La technologie essaie de fonctionner de manière déterministe à rebours à partir du produit final pour comprendre ce qu'il contient réellement.

«C’est comme si je vous tendais une recette et si vous la regardiez, vous pourriez juger qu’une tarte ou un gâteau peut être mangé sans danger parce que la recette ne dit pas insérer du poison, non? C’est ce que font ces outils. Ils disent, eh bien, ça dit ici sucre, ça ne dit pas sucre contaminé, et il n'y a pas de poison dedans. Donc, votre gâteau est sûr à manger », a déclaré Fox. «Par rapport à ce que nous faisons ici, nous inspectons en fait le contenu du gâteau cuit au four et allons, attendez une minute. Il y a une chromatographie qui montre qu'il y a réellement du poison ici, même si la recette ne l'exigeait pas et c'est en quelque sorte la différence fondamentale. "

Il y a également eu un changement majeur par rapport au positionnement traditionnel de la sécurité des applications.

Développement du ciblage
Dans de nombreuses attaques qui se produisent actuellement, les développeurs et l'infrastructure de développement sont la cible. Et bien que les organisations s'efforcent tellement de s'assurer que le produit final lui-même est sûr avant qu'il ne soit acheminé aux clients et au serveur, dans le nouveau monde, cela n'a pas d'importance, selon Fox. Ce sont peut-être les développeurs qui ont été compromis pendant tout ce temps, alors que les choses étaient siphonnées hors de l'infrastructure de développement.

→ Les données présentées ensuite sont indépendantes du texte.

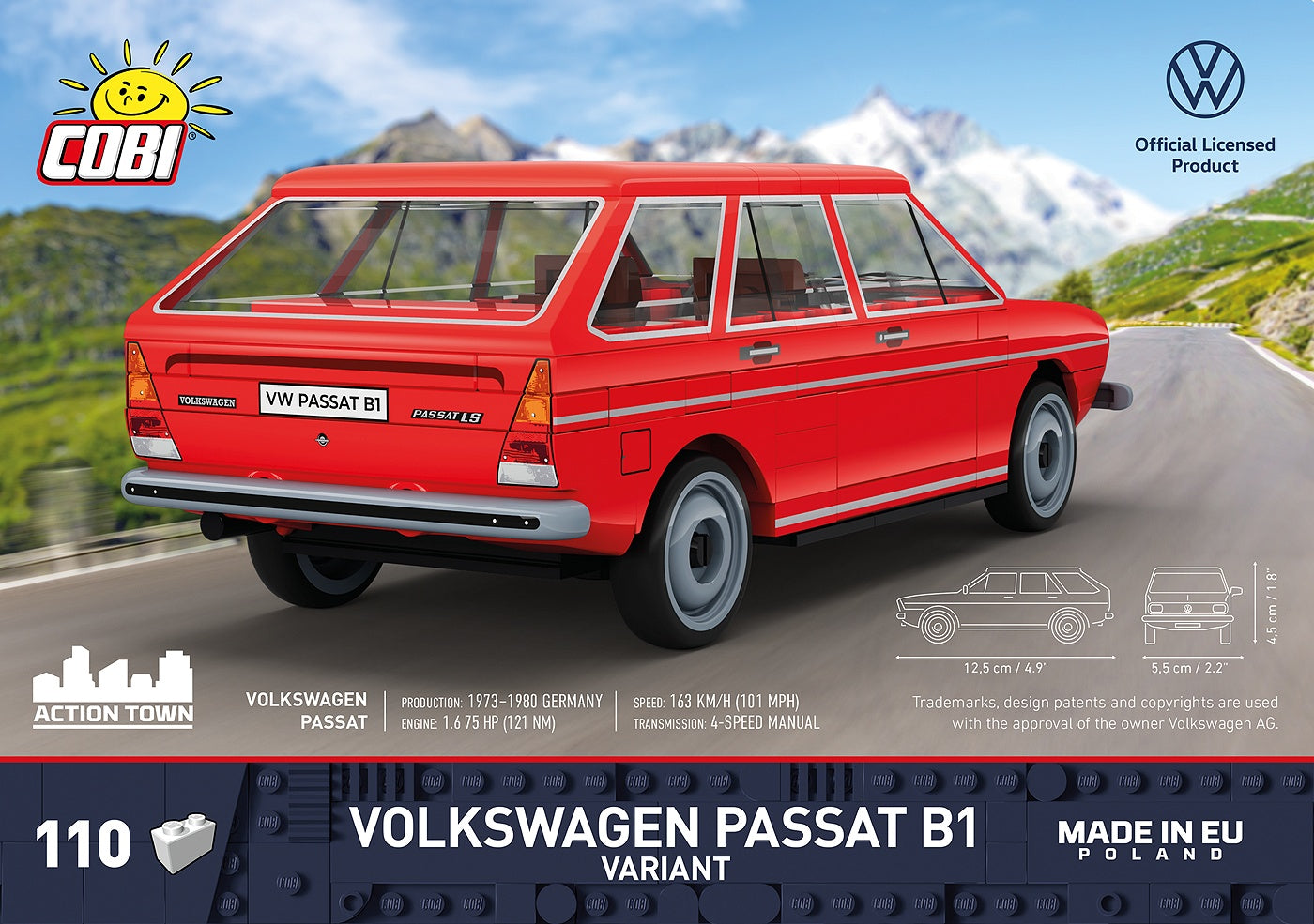 Available to Order – VW Passat B1 Varia (109 Pcs) (COB 24641)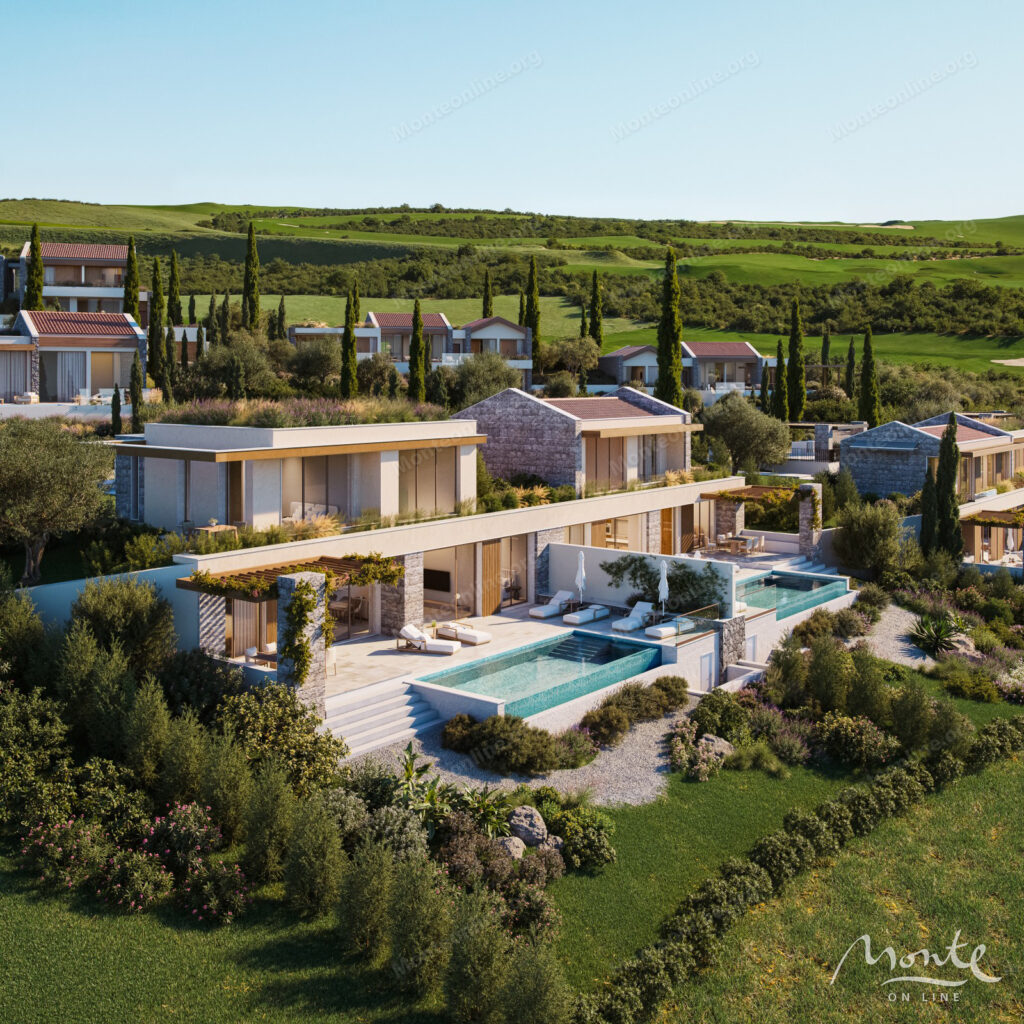 roskoshnye golf taunhausy v lushticza bej the peaks s vidom na adriatiku 13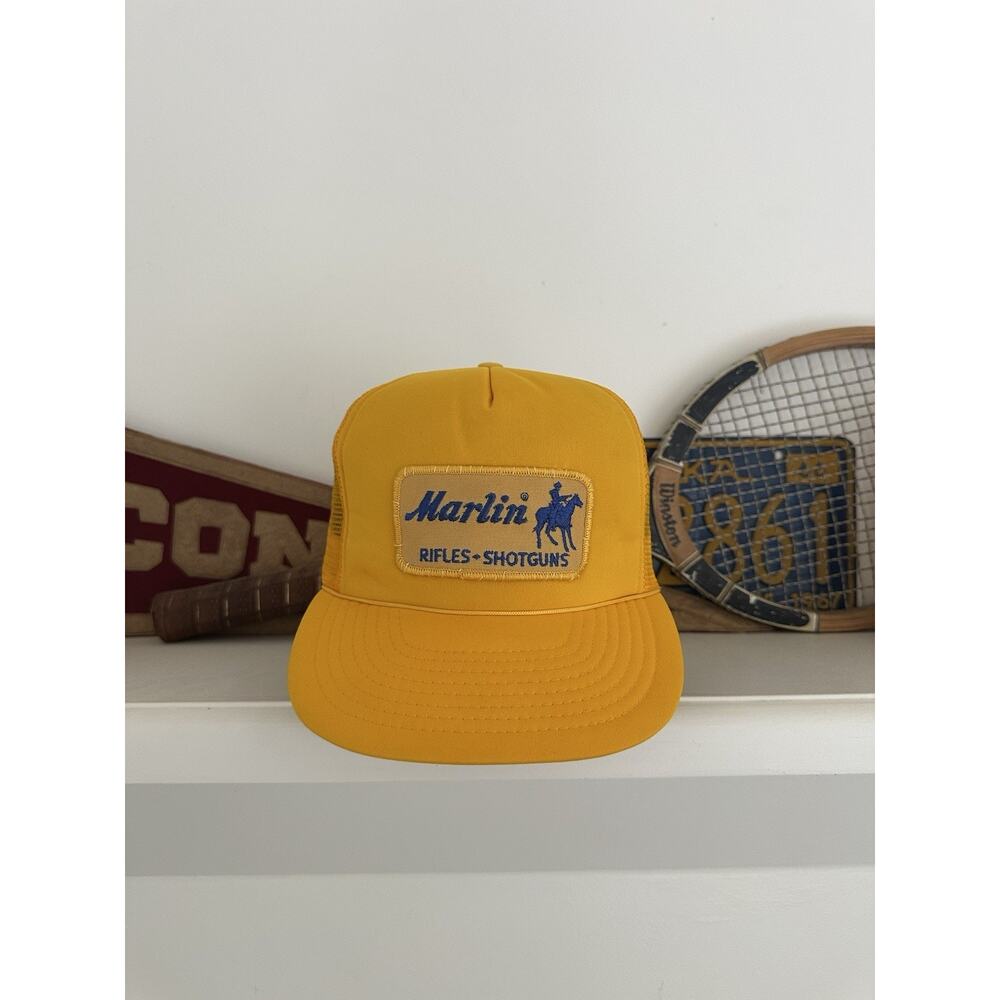 Vintage 80s Marlin Rifles and Shotguns Snapback Trucker Hat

«Nous avons vu des attaques qui volaient des clés SSH, des certificats ou des informations d'identification AWS et transformaient des fermes de construction en cryptomineurs, ce qui n'a rien à voir avec le produit final», a déclaré Fox. «Dans le monde DevOps, les gens parlent beaucoup de Deming et de la façon dont il a contribué à faire du Japon des voitures meilleures et plus efficaces pour moins d'argent en se concentrant sur les principes clés des chaînes d'approvisionnement. Bien devinez quoi. Deming n’essayait pas de se protéger contre une attaque de sabotage de l’usine elle-même. Ces processus sont conçus pour fabriquer de meilleures voitures et non pour rendre l'usine plus sûre. Et c'est le genre de situation dans laquelle nous nous trouvons avec ces attaques en amont. "

Désormais, des outils de sécurité efficaces peuvent capturer et automatiser les exigences pour aider les développeurs à prendre des décisions à l'avance et à leur fournir des informations et du contexte lorsqu'ils choisissent une dépendance, et non après, a ajouté Fox.

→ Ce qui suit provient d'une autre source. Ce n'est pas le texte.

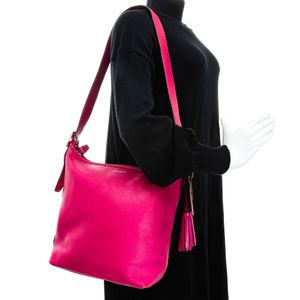 Bolsa Coach Couro Pink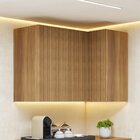 Armário Aéreo Canto Direita Esquerda Ripado Rainha 2 Portas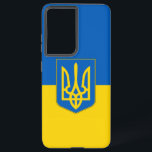 Samsung Galaxy S21 Ultra Case Ukraine flag<br><div class="desc">Introducing our Samsung Galaxy S21 Ultra cover featuring the flag of Ukraine, designed to blend protection with a celebration of Ukrainian heritage! Crafted with meticulous attention to detail, this cover proudly displays the vibrant yellow and blue colours of the Ukrainian flag, symbolizing independence, unity, and national pride. Whether you're commuting,...</div>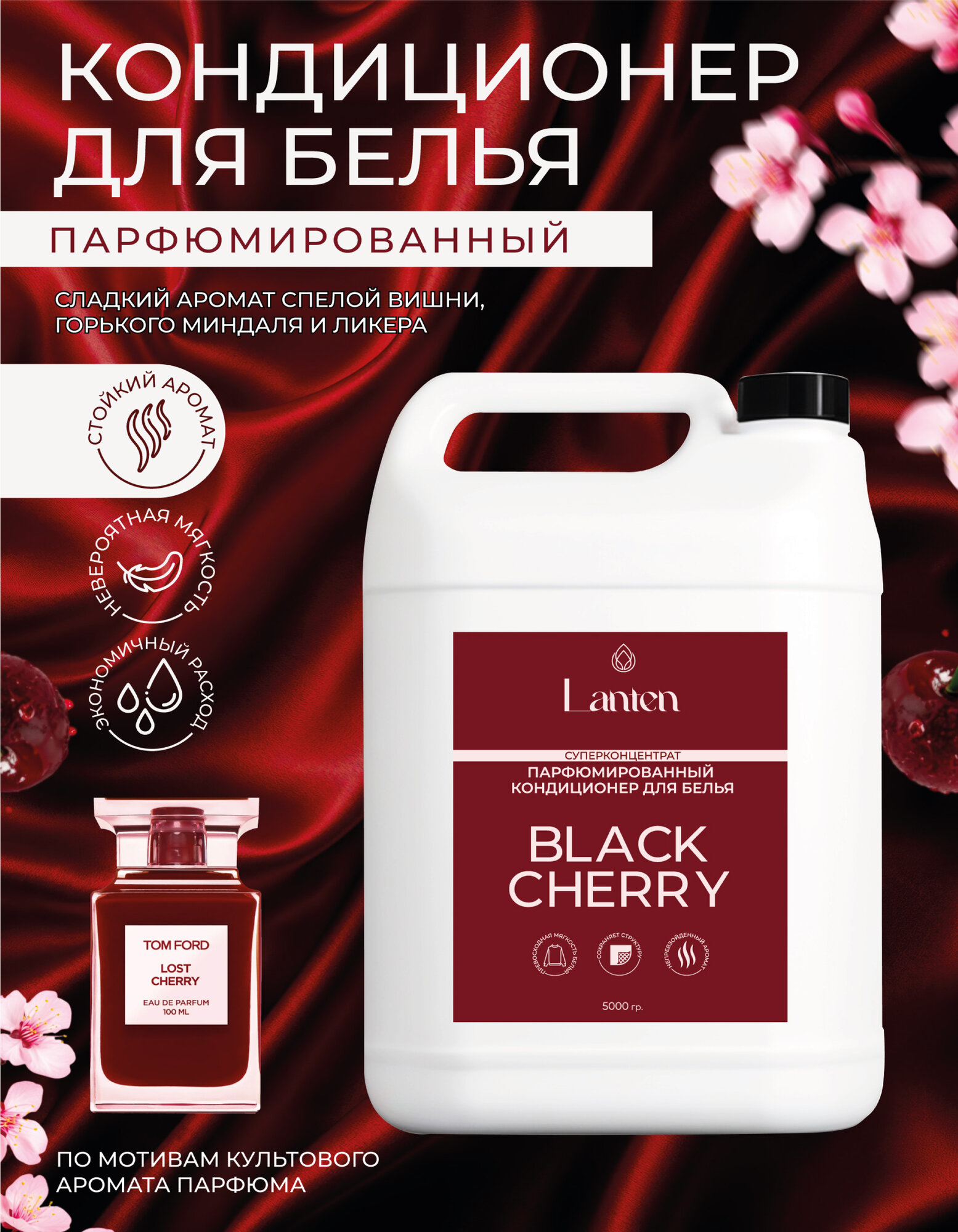 Парфюмированный кондиционер для белья Black Cherry 5 л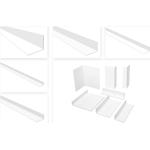 Hart-PVC Winkelprofil Selbstklebend Kantenschutz Eckenschutz Winkelleiste  150cm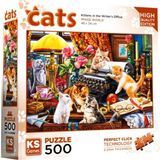 KS Puzzle 20052 Kittens in the Writer’s Office 500 Parça Puzzle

En outre, lorsque l’outillage reconnaît qu’un composant a une vulnérabilité nouvellement révélée, il peut reconnaître qu’il n’est pas nécessairement approprié d’arrêter toute l’équipe et d’interrompre toutes les versions, car tout le monde n’est pas chargé de corriger chaque vulnérabilité. Au lieu de cela, il informera un ou deux développeurs expérimentés du problème.

«C'est une combinaison d'essayer de comprendre ce qu'il faut pour aider les développeurs à faire ces choses plus rapidement, mais aussi d'être en mesure de le faire avec la vue descendante de l'entreprise et de capturer cette politique – non pas pour être Big Brother-y – mais pour capturer la politique de sorte que lorsque vous êtes le développeur, vous obtenez cette information instantanée sur ce qui se passe », a déclaré Fox.